II. The New Company Law from the Perspective of Protecting Creditors’ Interests
(1) Five-Year Paid-in Capital System
According to the New Company Law, the company’s registered capital still adopts a subscription system, but the subscription period is limited to a maximum of 5 years. Before this provision was introduced, many shareholders set exaggerated registered capital amounts to “showcase” the company’s strength while indefinitely extending the payment period. After this provision, such practices can be effectively curbed, better protecting creditors’ interests.
Before the revision, the prevalence of such practices led creditors to form incorrect reliance on the company’s actual situation, which was detrimental to transaction security and the protection of creditors’ legitimate rights. Moreover, when the company was unable to repay debts, except in specific circumstances, creditors had to first pursue the company for repayment, and only after finding no executable property could they pursue shareholders whose subscription period had not yet expired within the scope of their subscribed capital, greatly increasing creditors’ burden.
By limiting the subscription period to 5 years, the New Company Law facilitates the timely payment of registered capital to the company, which not only helps maintain the company’s operations and provides certain assets to deal with debts but also helps creditors reasonably assess the company’s basic situation and solvency based on registered capital information, providing a basic guarantee for transactions.
(2) Contribution Obligations After Transfer of Unpaid Equity
The New Company Law also revises provisions regarding shareholders who transfer unpaid equity to evade contribution obligations when the company is in debt, better protecting creditors and transferees. A key feature is that the transferor also bears contribution liability.
Specifically, this can be divided into the following situations:
① For the transfer of equity that has been subscribed but whose contribution term has not yet matured, the transferee bears the contribution obligation. If the transferee fails to pay the full contribution on time, the transferor bears supplementary liability for the unpaid portion.
② For the transfer of equity whose contribution term has matured but remains unpaid, or where the value of non-monetary assets is lower than the subscribed amount, the transferor and transferee bear joint liability within the scope of the shortfall.
③ If the transferee neither knew nor should have known about the above situations, the transferor bears liability.

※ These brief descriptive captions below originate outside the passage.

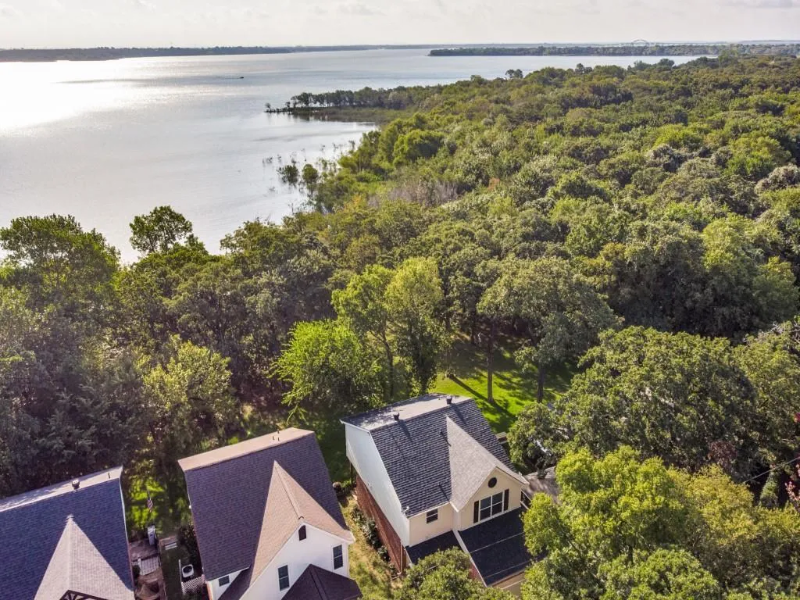 526 Jay St - Photo 3 of 3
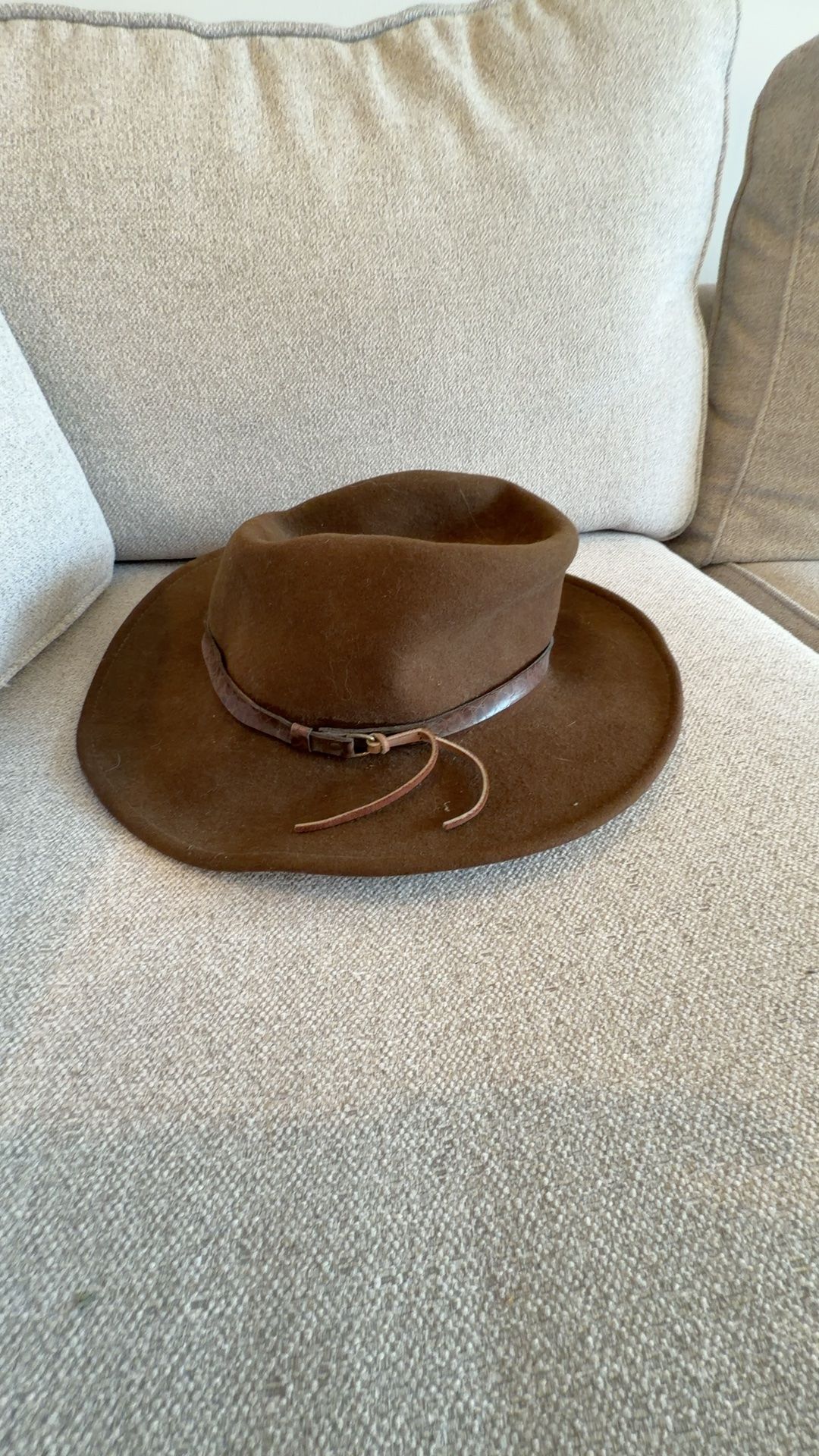 INDIANA JONES Lite Felt Brown Felt Fedora Vintage 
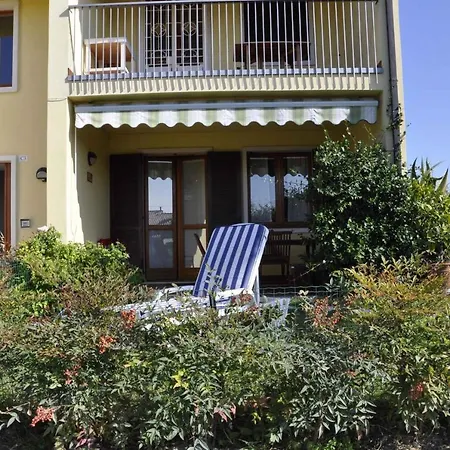 In Lazise/gardasee 21954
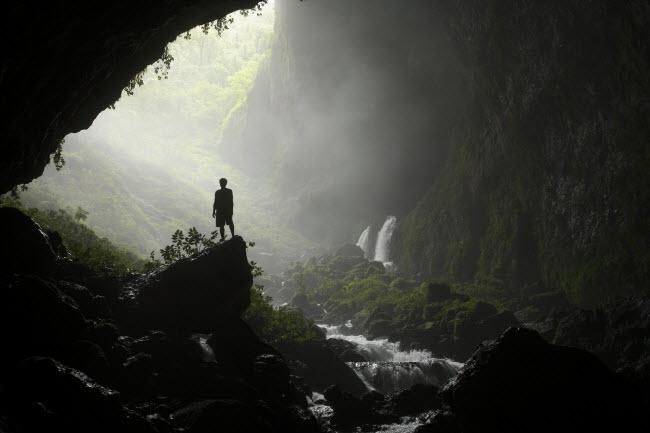 Vẻ đẹp ngoạn mục của hang động Kavakuna trên đảo New Britain, Papau New Guinea.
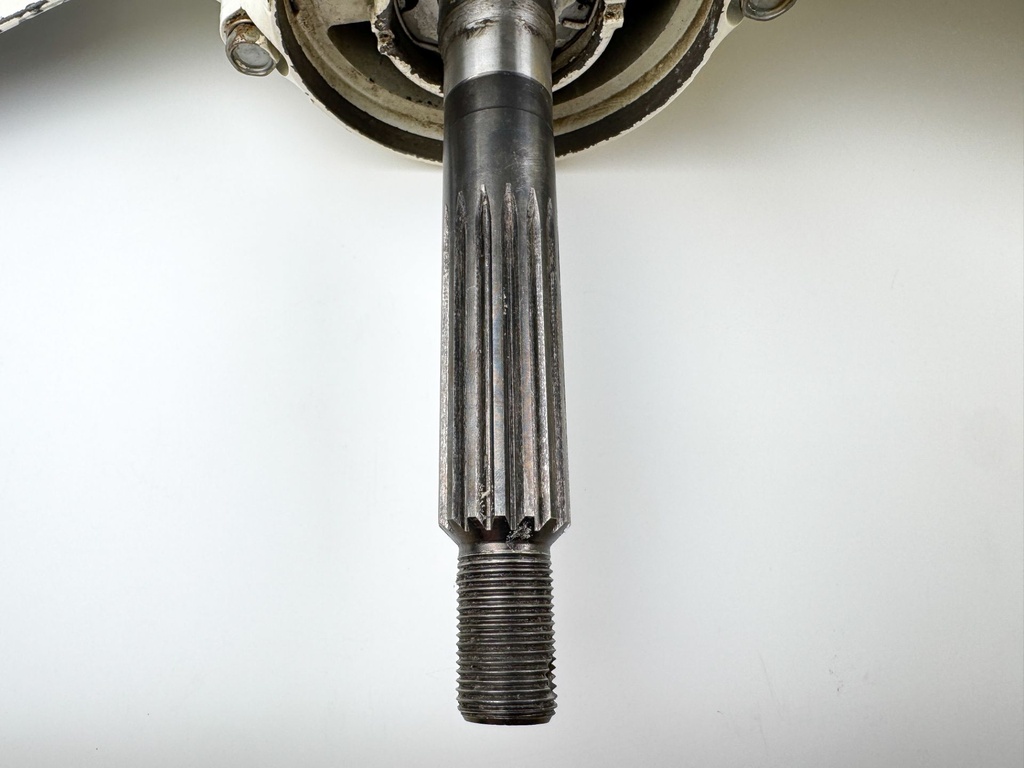 2004 Suzuki 115 HP 4 Stroke Outboard 20" Lower Unit Gear Case  OEM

The above revisions can to some extent prevent shareholders from maliciously evading contribution obligations and company debts, which is conducive to maintaining market order.
(3) Accelerated Maturity of Capital Contributions
Under the current Bankruptcy Law and judicial interpretations of the Company Law, the conditions for accelerated maturity of shareholder contributions are relatively stringent, such as the company entering bankruptcy proceedings, the company as an execution target having no executable property, the company having grounds for bankruptcy but not applying, or the company extending the contribution period through other means while being unable to pay debts. For cases where the contribution term has not matured but the company genuinely has no property to pay debts, creditors need to go through lengthy litigation procedures to realize their claims from shareholders with unpaid registered capital.
According to Article 54 of the New Company Law, if the company cannot pay its due debts, the company or creditors with matured claims have the right to require shareholders who have subscribed but whose contribution term has not yet matured to make advance payment. The phrase “company cannot pay its due debts” literally means that as long as the company fails to perform or fully perform when facing due debts, the standard is met. The threshold is relatively low. Whether this standard will be applied in judicial practice remains to be clarified by future case law or judicial interpretations.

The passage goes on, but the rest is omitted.